You don't have to be dangerous to be incompetent. You don't have to be insane or incapacitated to be incompetent. You just have to be so nonfunctional that you can't assist in your own defense. Nobody plays this up intentionally for long, as it basically just means you stay in a treatment facility indefinitely until you have recovered, but it's still an attorney's job to report it so that their client does not get fucked in court (and the prosecution is inclined to accept it to avoid the risk of a mistrial being declared on appeal).
Chris is now coming off as crazy enough that you could conceivably argue that he cannot assist in his own defense.
Though by Virginia law, time spent in state mental care still counts as time served.
I don't think this is likely, but if we get more months of radio silence from Chris, one possible scenario is he's been refusing plea deals and Heilberg sent him off for treatment, with him getting out of it just in time to accept a 1-year plea deal.
Is there any way to dig up other cases that have been continued this long in Virginia for some sort of precedent? Would probably give a good perspective though I don't know how easy that would be to find.
Sure, lots of cases have been continued this long, including previous Chris cases. Chris' situation is only unusual in the nature of the charges and that he's being held in jail, but hasn't had a plea bargain, and the case is having a 6 month continuance while staying in J&DR court.
Usually when you are in jail you don't just willingly sit there for 6 months without a hearing. In places where it happens due to congested courts (like in New York City) that's usually considered a *bad* thing and defendants fight to get their dates moved up.
Normally what would happen if you were stuck in jail for a potential felony, but with the possibility of a misdemeanor deal, your attorney would not let you sit in jail any longer than necessary, but open to a decent plea deal. If the prosecution doesn't play ball, you push it toward a trial to move the negotiations along (since neither side wants a trial). Eventually somebody blinks before the trial starts.
You only drag things out for a long time if there's something you want to go stale. In this case I suppose there could be some advantage to Barb dying or becoming more forgetful, but that could easily go the other way and hurt Chris' case. I highly doubt Heilberg is stalling for that reason.

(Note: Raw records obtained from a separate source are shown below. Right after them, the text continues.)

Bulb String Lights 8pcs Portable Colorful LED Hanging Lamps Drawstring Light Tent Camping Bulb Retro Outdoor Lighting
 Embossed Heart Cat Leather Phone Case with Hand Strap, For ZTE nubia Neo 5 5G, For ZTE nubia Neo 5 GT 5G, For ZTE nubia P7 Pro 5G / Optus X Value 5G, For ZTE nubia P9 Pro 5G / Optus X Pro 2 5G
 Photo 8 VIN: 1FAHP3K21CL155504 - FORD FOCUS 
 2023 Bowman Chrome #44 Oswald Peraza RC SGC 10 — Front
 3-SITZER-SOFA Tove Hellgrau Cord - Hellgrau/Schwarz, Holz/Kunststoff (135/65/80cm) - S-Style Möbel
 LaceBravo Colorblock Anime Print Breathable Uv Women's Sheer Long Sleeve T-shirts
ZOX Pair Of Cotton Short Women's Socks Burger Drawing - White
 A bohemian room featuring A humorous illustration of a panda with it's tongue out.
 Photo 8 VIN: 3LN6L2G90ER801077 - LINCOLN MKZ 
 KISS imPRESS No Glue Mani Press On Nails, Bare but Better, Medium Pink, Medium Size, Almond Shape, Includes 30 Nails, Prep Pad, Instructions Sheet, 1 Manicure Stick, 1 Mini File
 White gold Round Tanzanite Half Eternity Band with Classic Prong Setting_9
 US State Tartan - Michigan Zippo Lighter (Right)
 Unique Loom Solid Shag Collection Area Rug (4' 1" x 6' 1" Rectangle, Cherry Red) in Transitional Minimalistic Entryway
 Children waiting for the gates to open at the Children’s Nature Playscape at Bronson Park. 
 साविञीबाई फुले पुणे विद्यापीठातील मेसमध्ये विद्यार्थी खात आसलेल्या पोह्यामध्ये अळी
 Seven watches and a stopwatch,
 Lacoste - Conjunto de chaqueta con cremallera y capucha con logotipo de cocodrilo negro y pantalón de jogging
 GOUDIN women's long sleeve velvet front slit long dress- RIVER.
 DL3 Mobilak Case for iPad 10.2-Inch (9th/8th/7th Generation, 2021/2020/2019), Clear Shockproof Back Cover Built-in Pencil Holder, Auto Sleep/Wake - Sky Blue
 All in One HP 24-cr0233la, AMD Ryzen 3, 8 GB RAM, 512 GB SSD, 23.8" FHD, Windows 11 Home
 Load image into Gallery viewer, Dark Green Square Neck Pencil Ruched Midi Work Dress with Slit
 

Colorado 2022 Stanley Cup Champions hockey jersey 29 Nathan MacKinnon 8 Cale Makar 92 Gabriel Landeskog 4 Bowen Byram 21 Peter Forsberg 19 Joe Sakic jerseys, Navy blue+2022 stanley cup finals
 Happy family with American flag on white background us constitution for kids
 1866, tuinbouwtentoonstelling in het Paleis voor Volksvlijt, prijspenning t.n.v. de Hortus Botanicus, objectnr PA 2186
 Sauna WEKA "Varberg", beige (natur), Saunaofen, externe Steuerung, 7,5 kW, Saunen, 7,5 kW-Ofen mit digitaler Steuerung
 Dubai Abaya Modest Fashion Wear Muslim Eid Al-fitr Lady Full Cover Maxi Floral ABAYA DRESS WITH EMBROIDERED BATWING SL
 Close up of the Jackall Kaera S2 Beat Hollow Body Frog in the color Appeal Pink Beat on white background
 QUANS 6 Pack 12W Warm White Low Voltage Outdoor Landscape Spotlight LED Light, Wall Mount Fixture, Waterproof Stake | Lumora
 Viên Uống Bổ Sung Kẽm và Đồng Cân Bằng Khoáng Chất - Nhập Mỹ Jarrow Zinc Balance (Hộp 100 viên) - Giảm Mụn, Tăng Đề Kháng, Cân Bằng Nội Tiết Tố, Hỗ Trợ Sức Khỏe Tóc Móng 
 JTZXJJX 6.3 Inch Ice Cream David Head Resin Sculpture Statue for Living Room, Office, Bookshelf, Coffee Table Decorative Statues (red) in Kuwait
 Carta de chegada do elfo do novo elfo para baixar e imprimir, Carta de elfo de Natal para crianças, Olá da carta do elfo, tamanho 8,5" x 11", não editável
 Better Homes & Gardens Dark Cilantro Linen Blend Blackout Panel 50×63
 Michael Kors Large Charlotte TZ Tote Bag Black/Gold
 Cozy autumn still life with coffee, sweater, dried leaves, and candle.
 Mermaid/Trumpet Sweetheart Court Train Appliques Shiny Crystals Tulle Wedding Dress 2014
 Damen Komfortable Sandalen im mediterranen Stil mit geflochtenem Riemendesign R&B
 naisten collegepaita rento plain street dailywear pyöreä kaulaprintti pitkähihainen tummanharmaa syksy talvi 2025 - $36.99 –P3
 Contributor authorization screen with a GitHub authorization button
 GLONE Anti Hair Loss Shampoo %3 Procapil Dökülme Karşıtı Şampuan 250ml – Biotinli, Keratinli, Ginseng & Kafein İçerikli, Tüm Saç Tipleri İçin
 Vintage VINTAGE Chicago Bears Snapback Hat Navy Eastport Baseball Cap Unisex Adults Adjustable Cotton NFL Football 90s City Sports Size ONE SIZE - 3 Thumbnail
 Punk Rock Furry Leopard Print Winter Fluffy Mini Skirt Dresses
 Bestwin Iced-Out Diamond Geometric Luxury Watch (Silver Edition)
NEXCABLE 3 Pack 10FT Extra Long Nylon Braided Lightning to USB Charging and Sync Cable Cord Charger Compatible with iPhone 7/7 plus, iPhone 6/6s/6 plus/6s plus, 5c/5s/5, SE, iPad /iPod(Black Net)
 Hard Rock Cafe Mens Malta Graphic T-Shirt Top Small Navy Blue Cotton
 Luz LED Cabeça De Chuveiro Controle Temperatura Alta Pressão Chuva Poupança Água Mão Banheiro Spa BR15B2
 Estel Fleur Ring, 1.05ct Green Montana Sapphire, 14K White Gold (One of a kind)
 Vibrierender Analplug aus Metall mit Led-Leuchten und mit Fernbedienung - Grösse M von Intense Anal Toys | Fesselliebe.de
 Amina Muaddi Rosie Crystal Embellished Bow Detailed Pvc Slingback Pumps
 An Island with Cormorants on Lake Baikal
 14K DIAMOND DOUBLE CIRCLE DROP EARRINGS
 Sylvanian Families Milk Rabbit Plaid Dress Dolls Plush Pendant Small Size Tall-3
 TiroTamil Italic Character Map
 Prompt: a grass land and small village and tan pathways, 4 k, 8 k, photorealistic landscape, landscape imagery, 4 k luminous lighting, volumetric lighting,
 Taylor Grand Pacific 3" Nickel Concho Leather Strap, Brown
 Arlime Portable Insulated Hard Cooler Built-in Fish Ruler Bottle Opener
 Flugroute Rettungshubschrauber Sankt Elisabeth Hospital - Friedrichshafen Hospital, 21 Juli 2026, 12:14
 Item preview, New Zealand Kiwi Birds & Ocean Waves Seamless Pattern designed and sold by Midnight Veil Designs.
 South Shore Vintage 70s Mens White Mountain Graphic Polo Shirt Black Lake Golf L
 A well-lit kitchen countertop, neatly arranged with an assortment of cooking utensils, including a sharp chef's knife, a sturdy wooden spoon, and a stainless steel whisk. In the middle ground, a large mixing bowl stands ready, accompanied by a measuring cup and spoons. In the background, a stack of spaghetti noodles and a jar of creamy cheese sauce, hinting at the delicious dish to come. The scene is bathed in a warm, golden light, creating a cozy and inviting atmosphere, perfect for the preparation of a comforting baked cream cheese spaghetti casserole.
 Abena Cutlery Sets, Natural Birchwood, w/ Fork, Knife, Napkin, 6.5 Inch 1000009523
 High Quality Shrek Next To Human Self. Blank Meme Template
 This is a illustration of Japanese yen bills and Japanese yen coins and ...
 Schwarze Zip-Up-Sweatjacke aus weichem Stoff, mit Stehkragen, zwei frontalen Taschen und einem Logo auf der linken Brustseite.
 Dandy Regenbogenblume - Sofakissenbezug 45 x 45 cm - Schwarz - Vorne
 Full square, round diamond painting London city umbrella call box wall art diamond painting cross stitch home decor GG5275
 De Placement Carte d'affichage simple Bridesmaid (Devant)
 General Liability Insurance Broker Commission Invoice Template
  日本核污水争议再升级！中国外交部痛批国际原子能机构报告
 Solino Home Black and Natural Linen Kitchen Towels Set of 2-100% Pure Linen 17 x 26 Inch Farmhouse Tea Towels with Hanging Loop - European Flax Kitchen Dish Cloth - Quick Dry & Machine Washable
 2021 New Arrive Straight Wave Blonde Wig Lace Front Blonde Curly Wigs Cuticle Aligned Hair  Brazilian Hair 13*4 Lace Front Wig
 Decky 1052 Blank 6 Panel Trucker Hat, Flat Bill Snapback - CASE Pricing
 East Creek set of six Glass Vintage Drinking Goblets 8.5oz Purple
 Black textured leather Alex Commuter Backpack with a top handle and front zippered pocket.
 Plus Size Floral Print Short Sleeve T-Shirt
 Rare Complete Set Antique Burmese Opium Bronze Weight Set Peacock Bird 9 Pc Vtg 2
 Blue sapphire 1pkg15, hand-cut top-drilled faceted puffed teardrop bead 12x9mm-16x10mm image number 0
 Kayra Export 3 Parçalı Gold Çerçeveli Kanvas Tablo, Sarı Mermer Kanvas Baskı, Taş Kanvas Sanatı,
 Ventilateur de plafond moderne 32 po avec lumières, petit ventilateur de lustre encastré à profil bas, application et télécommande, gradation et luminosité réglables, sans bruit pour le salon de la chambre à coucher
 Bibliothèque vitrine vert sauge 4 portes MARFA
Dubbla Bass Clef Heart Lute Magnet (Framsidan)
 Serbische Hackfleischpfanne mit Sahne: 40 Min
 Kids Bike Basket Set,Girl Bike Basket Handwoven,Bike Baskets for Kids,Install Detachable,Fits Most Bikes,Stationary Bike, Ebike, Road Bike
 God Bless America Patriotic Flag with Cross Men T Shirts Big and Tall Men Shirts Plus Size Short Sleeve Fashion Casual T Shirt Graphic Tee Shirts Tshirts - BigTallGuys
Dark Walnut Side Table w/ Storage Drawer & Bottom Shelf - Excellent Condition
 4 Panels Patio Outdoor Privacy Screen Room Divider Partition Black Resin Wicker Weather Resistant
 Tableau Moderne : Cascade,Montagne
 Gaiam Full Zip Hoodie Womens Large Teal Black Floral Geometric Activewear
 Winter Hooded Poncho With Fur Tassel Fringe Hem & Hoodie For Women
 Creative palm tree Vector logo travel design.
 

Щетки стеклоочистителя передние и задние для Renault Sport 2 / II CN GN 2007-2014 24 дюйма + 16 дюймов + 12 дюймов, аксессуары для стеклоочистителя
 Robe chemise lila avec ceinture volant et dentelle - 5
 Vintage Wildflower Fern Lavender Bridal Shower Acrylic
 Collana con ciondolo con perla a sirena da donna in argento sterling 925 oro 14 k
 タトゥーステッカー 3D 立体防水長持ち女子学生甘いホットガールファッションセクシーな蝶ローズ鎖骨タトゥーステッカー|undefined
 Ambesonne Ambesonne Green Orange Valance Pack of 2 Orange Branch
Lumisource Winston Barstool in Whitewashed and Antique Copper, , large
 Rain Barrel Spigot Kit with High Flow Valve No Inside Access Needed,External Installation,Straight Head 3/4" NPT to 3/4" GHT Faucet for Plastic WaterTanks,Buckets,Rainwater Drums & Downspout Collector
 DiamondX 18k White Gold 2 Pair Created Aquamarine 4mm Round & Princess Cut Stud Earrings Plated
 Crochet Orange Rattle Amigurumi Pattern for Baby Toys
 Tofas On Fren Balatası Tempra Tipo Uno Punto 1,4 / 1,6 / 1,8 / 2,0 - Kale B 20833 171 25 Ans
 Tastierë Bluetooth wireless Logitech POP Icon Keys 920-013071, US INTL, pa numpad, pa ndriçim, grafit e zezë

To bring back another Chris case comparison, let's go to the Snyder case. In this case Chris was out on bail, so stalling was less painful. The initial stalling was for a good 4 months. As I understand it, the prosecution was trying to get Chris and Barb to take the felony hit and run and Barb's assaulting a police officer (both wobblers) as a misdemeanor plea bargain, but Barb was determined to get Rob Bell to get them off on all charges. Eventually the prosecutor forced the issue and sent it to Circuit Court, where at the last minute Bell was finally able to convince Barb that it was the best deal they were going to get, and she wound up taking the misdemeanor plea deal anyway, wasting the Circuit Court's time. This process took about a year.
In that case, the stalling didn't cost Barb and Chris any jail time (other than the one night when they were arrested), but it did cost them all of their inheritance from Bob. I assume it was fairly frustrating for Rob Bell, but at least he was getting paid well.
If Barb and Chris had instead been stuck in jail, Bell would have called them crazy for willfully pushing the issue like that.